# Email notifications!



## Adam-tt (Apr 3, 2010)

Is there any reason why my email notifications are taking up to 4 days to come through ?


----------



## robokn (Feb 21, 2006)

Same here


----------



## bigsyd (Jul 9, 2008)

same here and also old notifications and notifications saying i have a pm when there is none or old pm's [smiley=book2.gif] :?


----------



## robokn (Feb 21, 2006)

Any news?????????????????????????????????????????????????????????????????????????????????
??????????????????????????????????????????????????????????????????????????????????????????????
??????????????????????????????????????????????????????????????????????????????????????????????
??????????????????????????????????????????????????????????????????????????????????????????????
??????????????????????????????????????????????????????????????????????????????????????????????
???????????????????????????????????????????????????????????????????????????????????????????????
???????????????????????????????????????????????????????????????????????????????????????????????
???????????????????????????????????????????????????????????????????????????????????????????????
???????????????????????????????????????????????????????????????????????????????????????????????
???????????????????????????????????????????????????????????????????????????????????????????????
??????????????????????????????


----------



## John-H (Jul 13, 2005)

Jae has been looking into it but it's proving a bit illusive. It had stalled a week or so ago and was due to a blocked IP address. That was cleared and he had thought it was then working fine as running a test mail worked. He sent himself and me the same test mail yesterday and it came through immediately - hense why he thought it was working and not being blocked.

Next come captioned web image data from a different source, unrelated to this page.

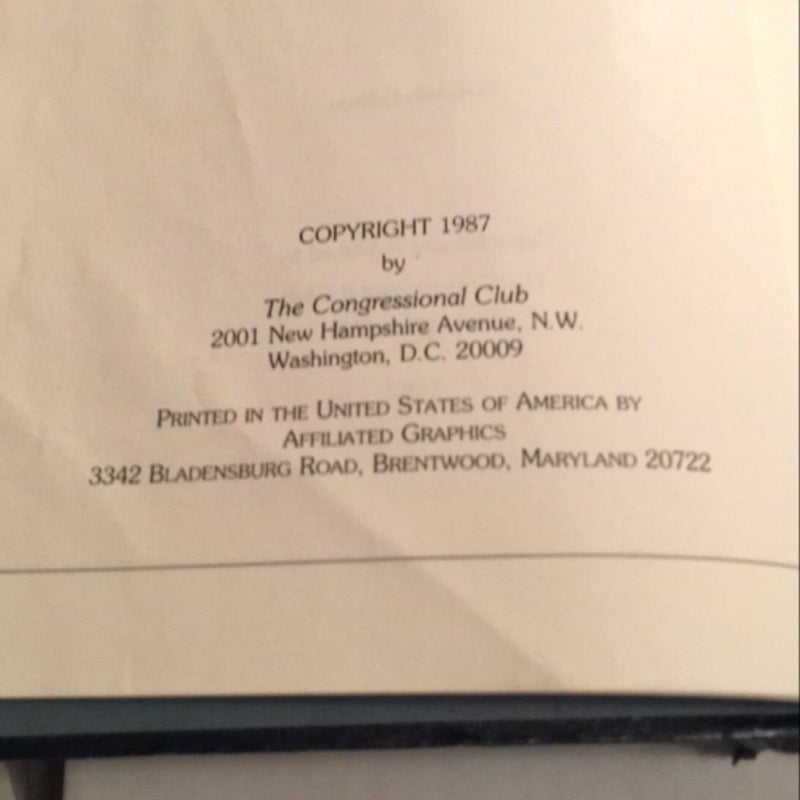 The Congressional Club Cook Book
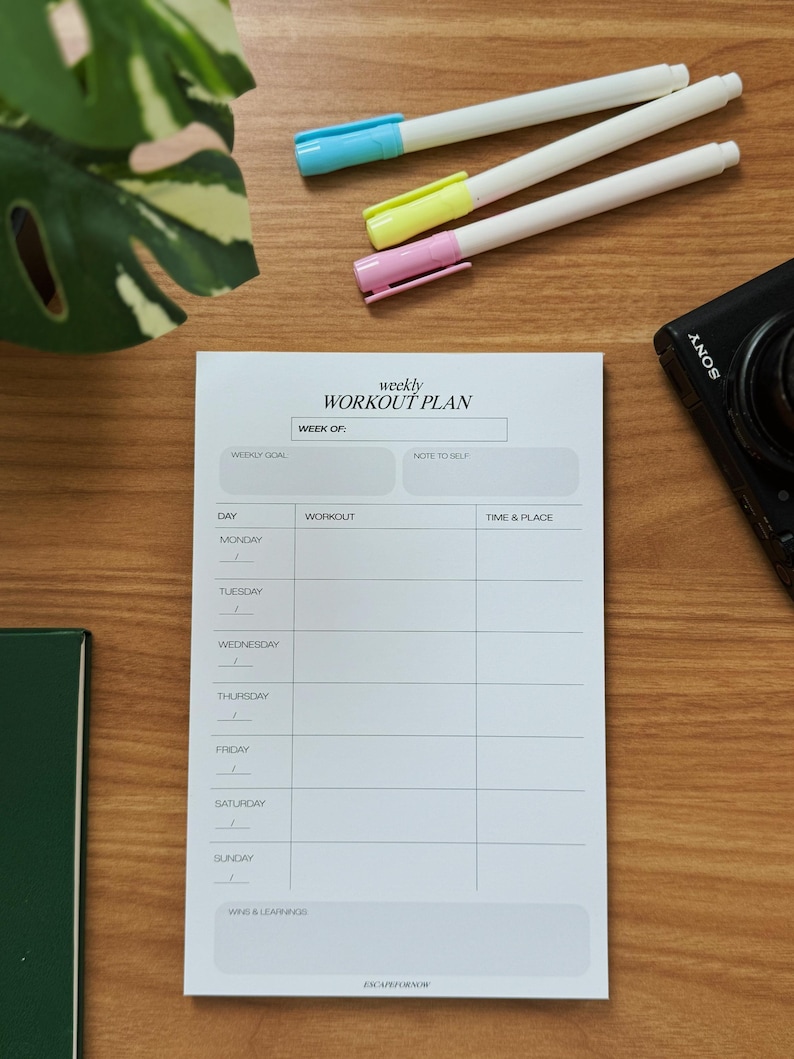 Weekly Workout Planner Notepad: 50-page Fitness Tracker - Etsy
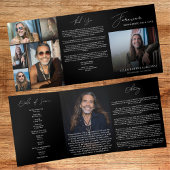 Programme Trois Volets Modern Elegant 7 Photo Trifold Funeral Program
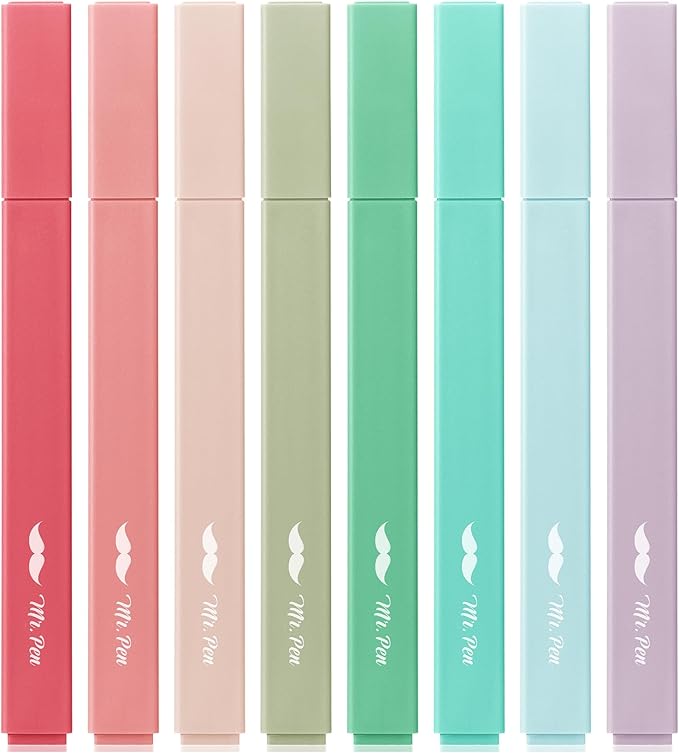 Mr. Pen- Aesthetic Highlighters No Bleed, 8 Pack, Vintage Colors, Chisel Tip, Cute Highlighters Assorted Colors for Journaling, Highlighting, Underlining, Fast Dry, Back to School Supplies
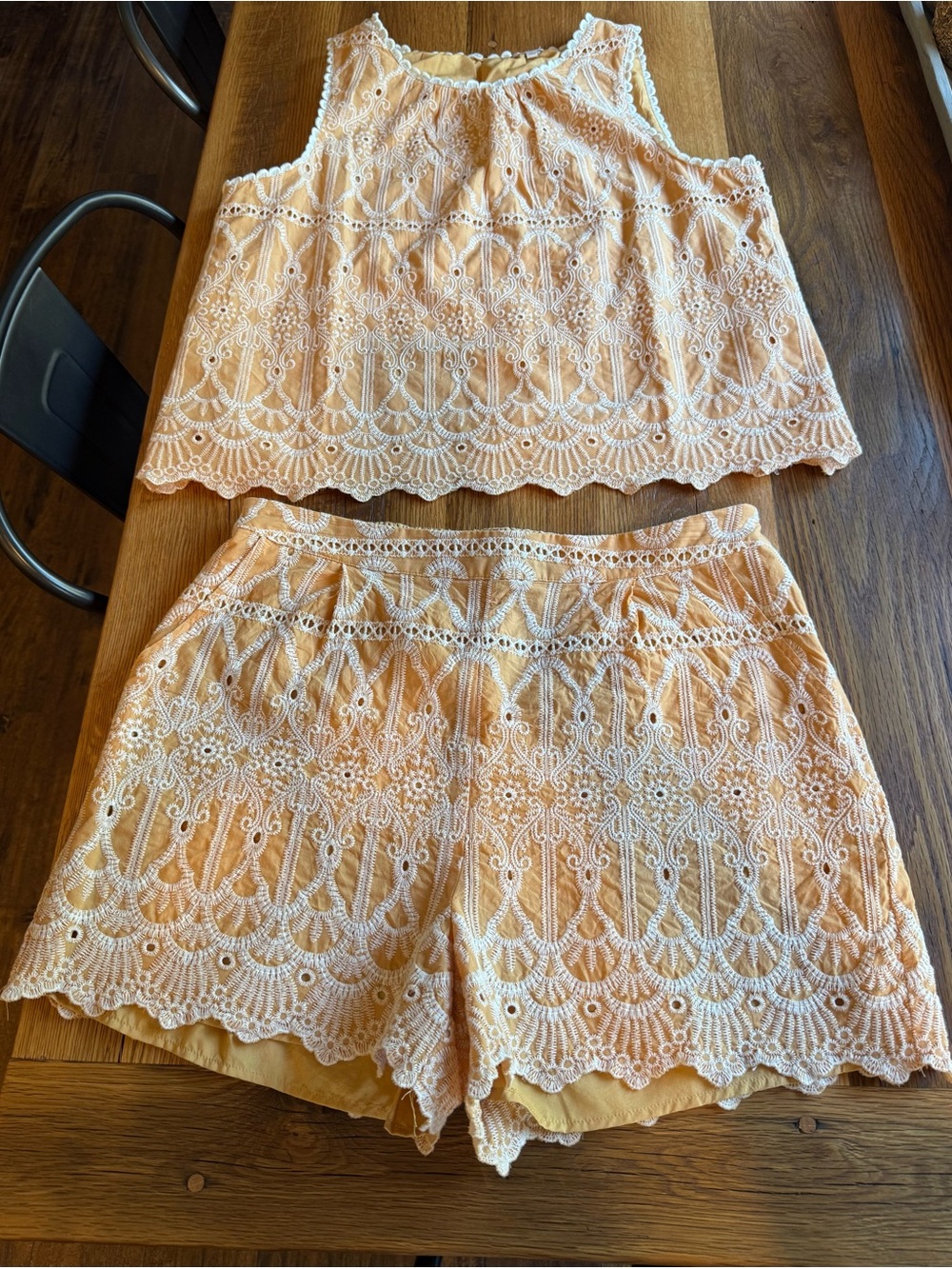 Skies Are Blue Peach Lace High Waist Shorts Set - Lined Top and Shorts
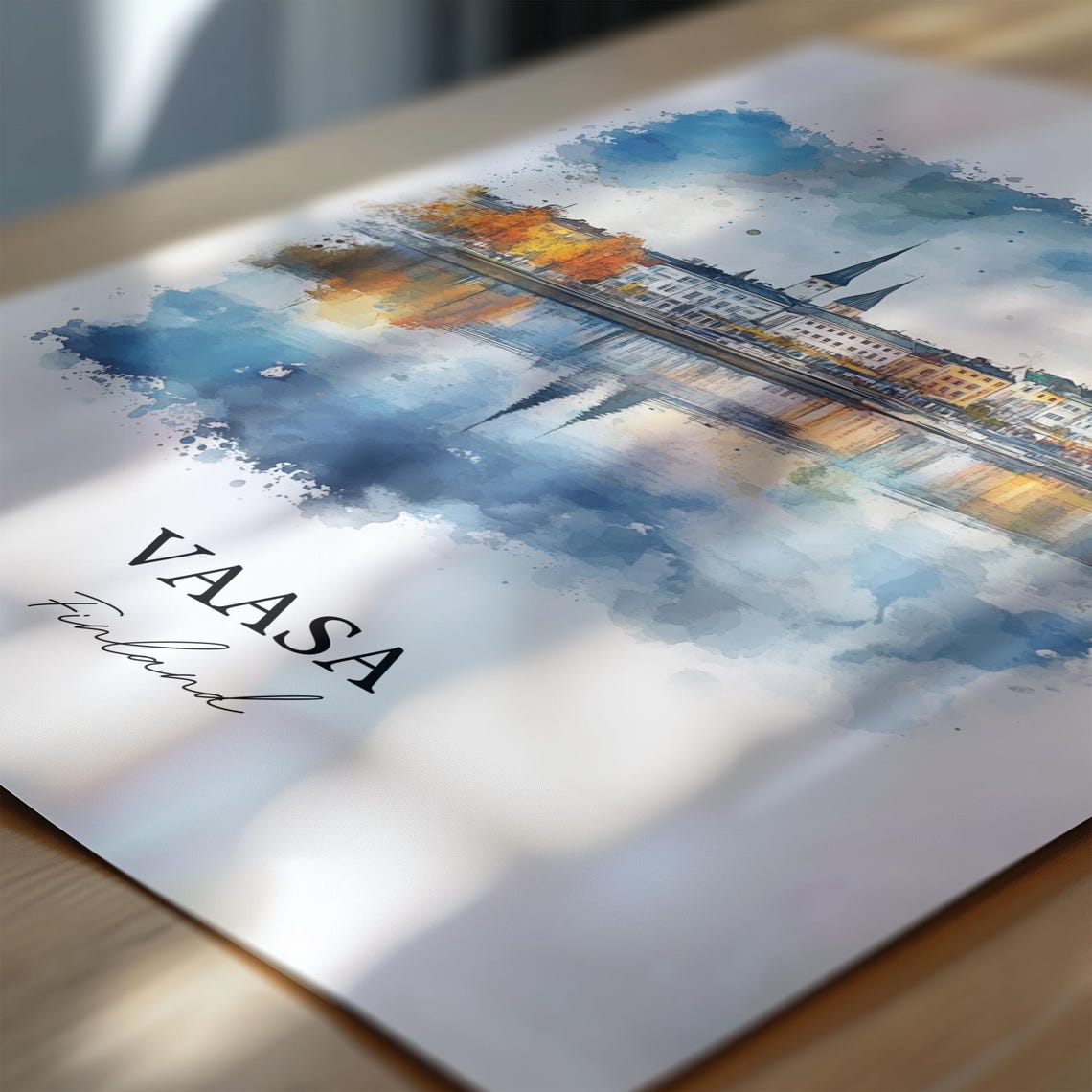 Vaasa Finland Waterfront City Watercolor Reflection Skyline Art Poster - Image 6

From what we can see it appears that some emails are being sent out on time - new users are joining OK etc and some are receiving notifications OK but some are not - including me. I'm getting emails a few days old slotting into my inbox - the latest that came through last night are dated 30th Jan. It's a little odd. There has been a lot of spam recently too which may or may not be connected. Hopefully the reason will be found soon. Sorry for the inconvenience.

In the mean time use the View your posts link top right.


----------



## rustyintegrale (Oct 1, 2006)

Yeah, my email notifications are running four days late for both topics and PMs. Very strange!


----------



## rustyintegrale (Oct 1, 2006)

Is anything happening about the problem with email notifications?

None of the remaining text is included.